Today, after 15 weeks of hard work, I was finally able to hand in my Refactoring for Scala term project (its website is scala.ifs.hsr.ch, where you can also find the technical report). After a short break of four weeks, I will continue the project as my master’s thesis.

What has been achieved so far? After investigating the Scala compiler (nothing is more fun than learning a new language by reading it compiler’s source code, trust me), I started to create with a foundation to build the refactorings on. Refactorings basically just transform an AST, which has to be converted back to plain text afterwards (which is far more complicated than it sounds, trust me). This occupied me for the larger part of the project, and it still isn’t finished, but I was able to come up with a scheme that allowed me to leave it in an unfinished state and still being able to perform refactorings, at least good enough for a proof-of-concept.
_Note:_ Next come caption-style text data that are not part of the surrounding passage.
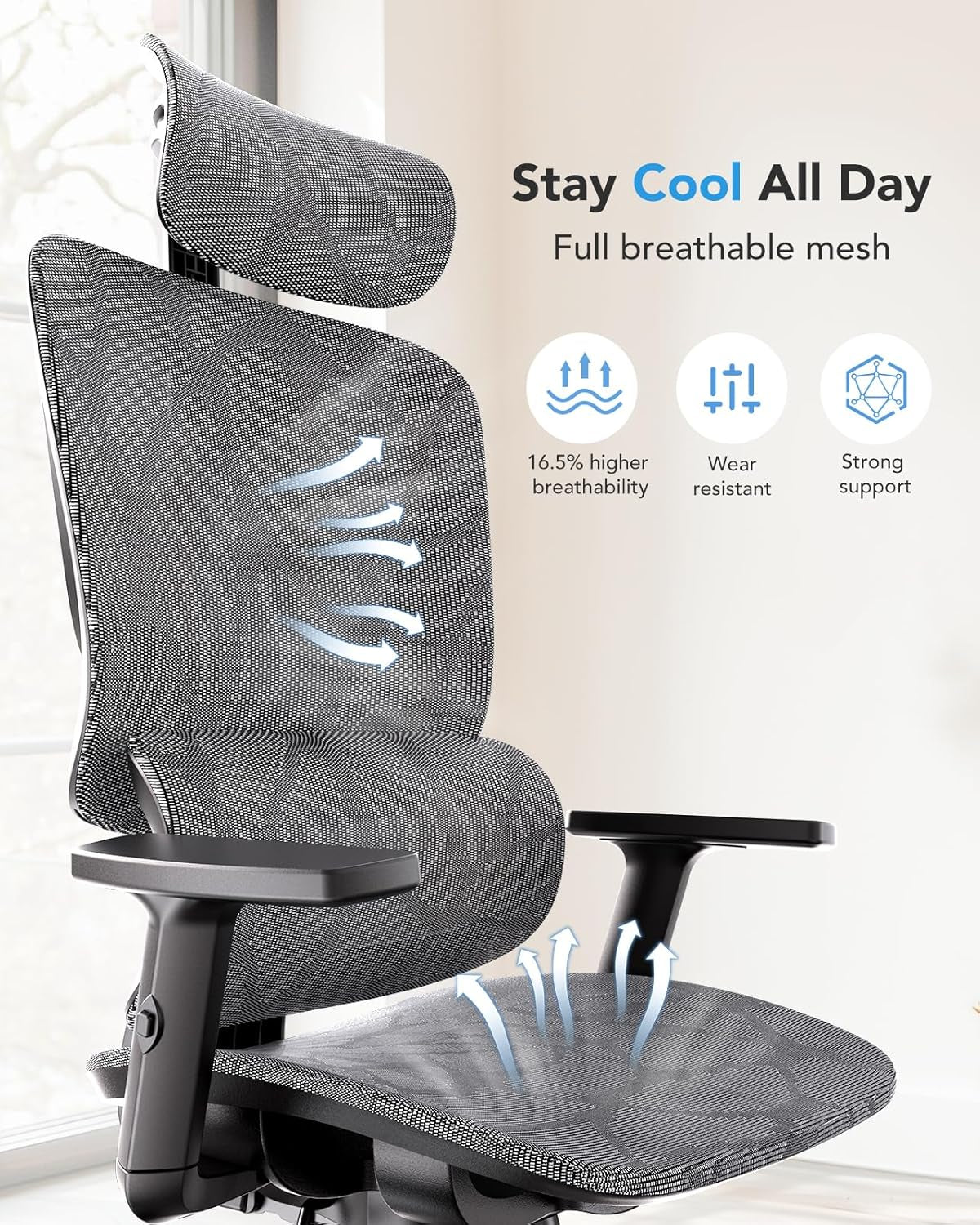 Ergonomic Mesh Office Chair High Back With Lumbar Support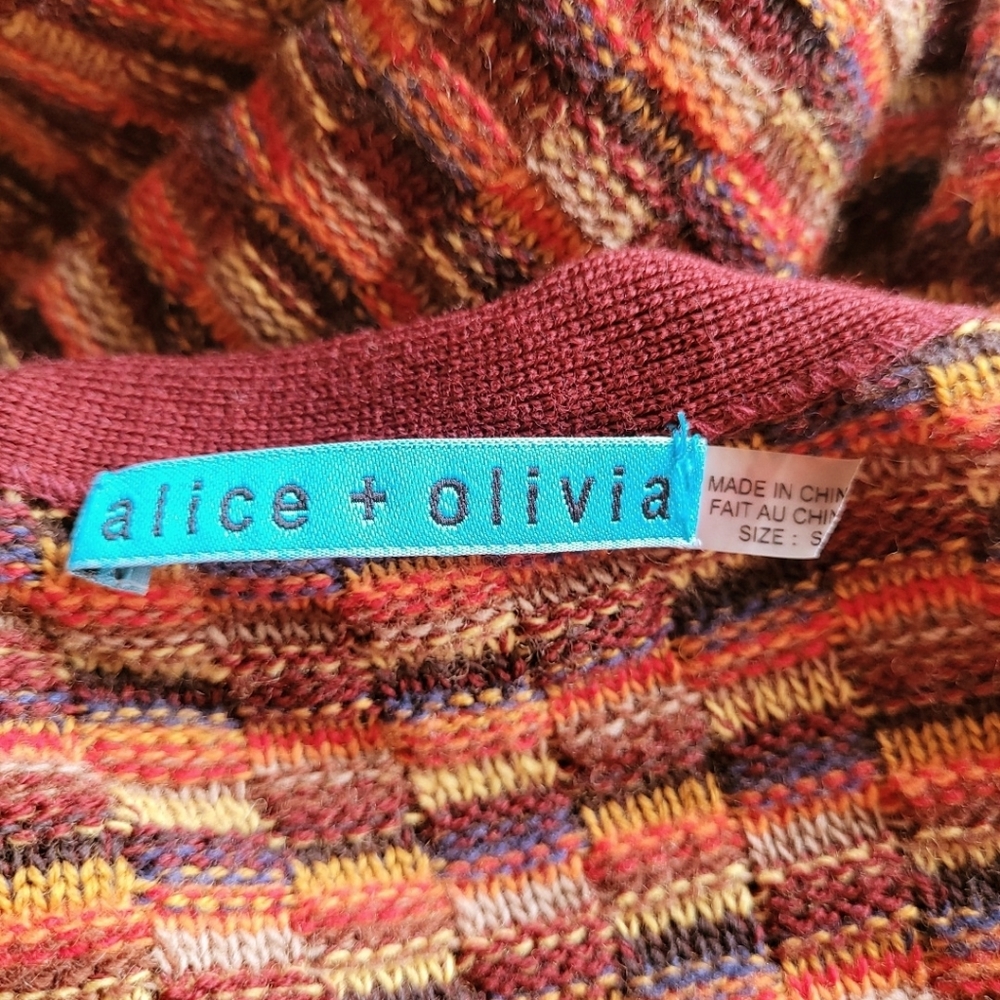 alice + olivia | Cashmere Wool Blend Rustic Multicolor Open Cardigan Small - Picture 6 of 8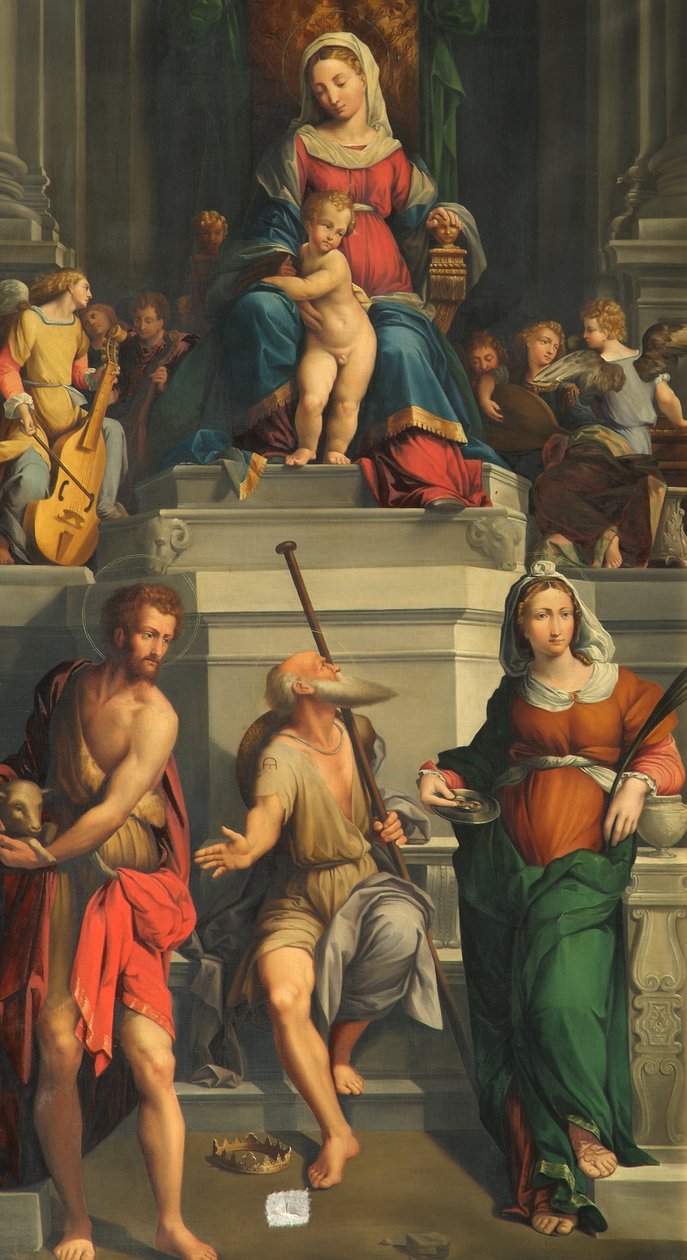 Azizler ile Enthroned Madonna by Monogrammist E. D.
The implemented refactoring is Extract Method; a perfect candidate because it is not too simple (with regards to the code transformatioms) and it looks much more impressive than e.g. Rename. Is it already usable? I’m not sure, it has not been tested with a lot of real world code (and usually when I did, it didn’t take me long to find new bugs, or rather things that were not yet implemented), but that will certainly be done in the near future. Another hurdle to using it is that you would need to install my modified Eclipse Scala plug-in (and I haven’t yet been able to create a working nightly-build including the Eclipse plug-in and all my stuff that would be needed).

For the near future, i.e. before the thesis, the plan is to implement organize imports, so I can bribe Miles Sabin into including the refactoring library in the Eclipse Scala IDE. After that, I’ll continue the project with a 20 week full-time thesis (~800 hours of work), where I hope to stabilize the existing Extract Method, advance the library so it can be used by other developers without knowing the inner workings of it, and to provide many new refactorings!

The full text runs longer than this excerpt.